So...to answer the question about my level of experience, in many ways, as sad as this sounds, I consider myself a virgin, at least when it comes to anal intercourse because I have no real experience to speak of aside from one of two extremely awkward attempts. I am GGG (good, giving, and game) in any way when it comes to sex. It has taken me a while to let go of a lot of my sexual hangups, but I do feel I'm at the point in my life where I am comfortable and uninhibited enough to experience sex in all it's many-splendored glory.

 

I've been wondering about the escort option just to satiate my need. Which is why I posted on here.

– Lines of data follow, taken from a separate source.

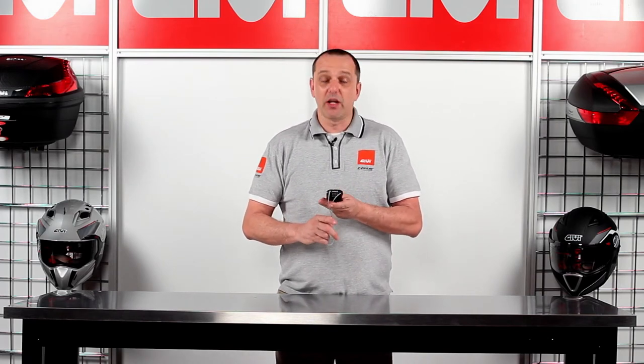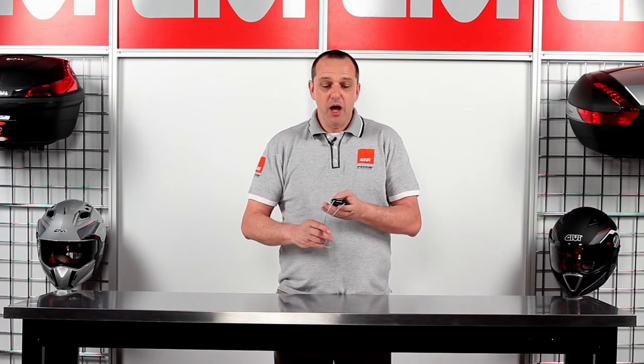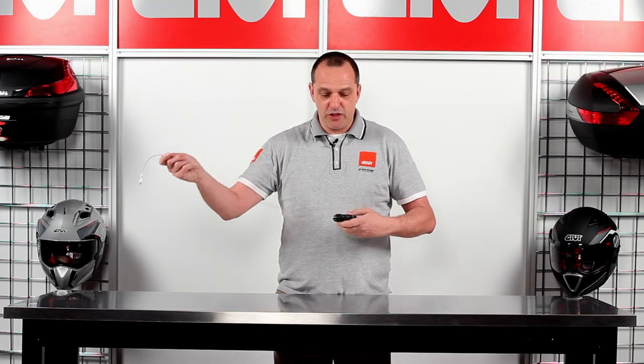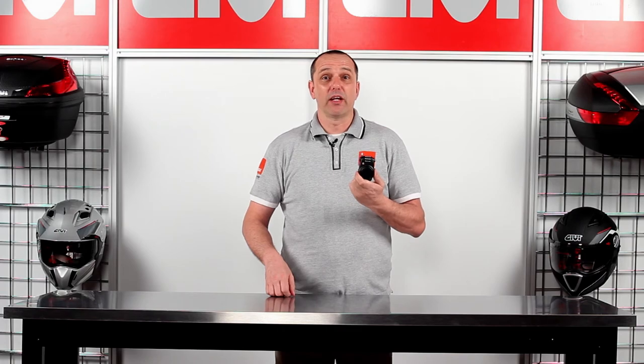You can create a four digit personalized combination lock here. Once set, you press the side release button, it detaches, and then you can recoil the cable like so. This is the S220 combination cable lock.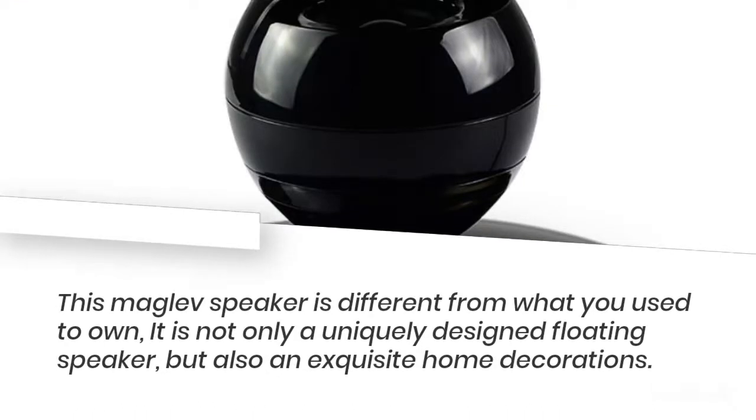This maglev speaker is different from what you're used to owning — it is not only a uniquely designed floating speaker, but also an exquisite home decoration.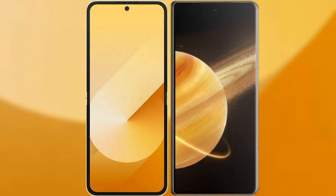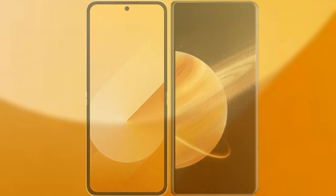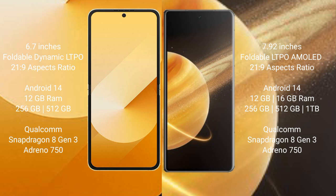I will compare the new Samsung Galaxy Z Flip 6 with Honor Magic V3. Samsung Galaxy Z Flip 6 comes with a 6.7-inch foldable dynamic LTPO AMOLED display with a 21:9 aspect ratio. Honor Magic V3 features a 7.92-inch foldable LTPO AMOLED display, also with a 21:9 aspect ratio.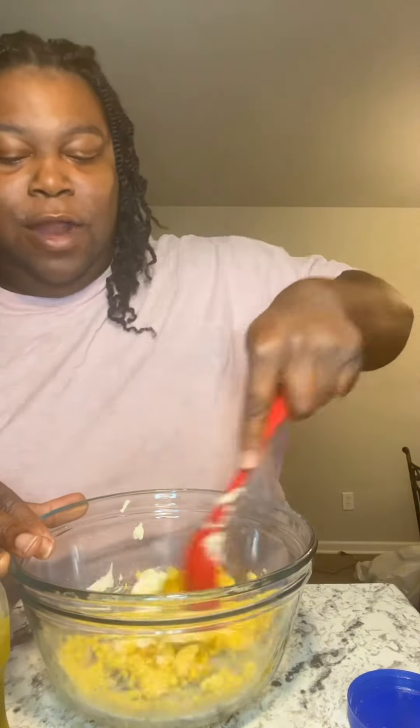And we're just gonna stir it all together — nothing major. I ain't put no garlic powder, no onion powder, no Slap Ya Mama, or all that. Just some basic deviled eggs, that's what it is.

I thank you all for taking the time to respond to my inquiry and take an interest in my story. I struggle with this every day. At some point, I realize I will just have to break it down for my husband and explain my needs and I guess let the chips fall where they may. He has given me license to get erotic massages and play with other when we are on vacation. In fact, we have played mutually with others while on vacation before (BJs and rimming, but no actual intercourse). I don't know how he would feel, though, if I asked for permission to seek actual intercourse from someone else. Then again, he's not willing to provide it to me. And I know even if he acquiesces, his heart won't truly be in it.

 

I really feel caught between a rock and a hard place. Other than sex, the rest of our relationship is rock solid. Some days I feel foolish and think I don't want to risk blowing up a perfectly good marriage because of carnal desires. Other days I realize those carnal desires are an important ingredient in a marriage, and I realize something is going to have to be done about them eventually.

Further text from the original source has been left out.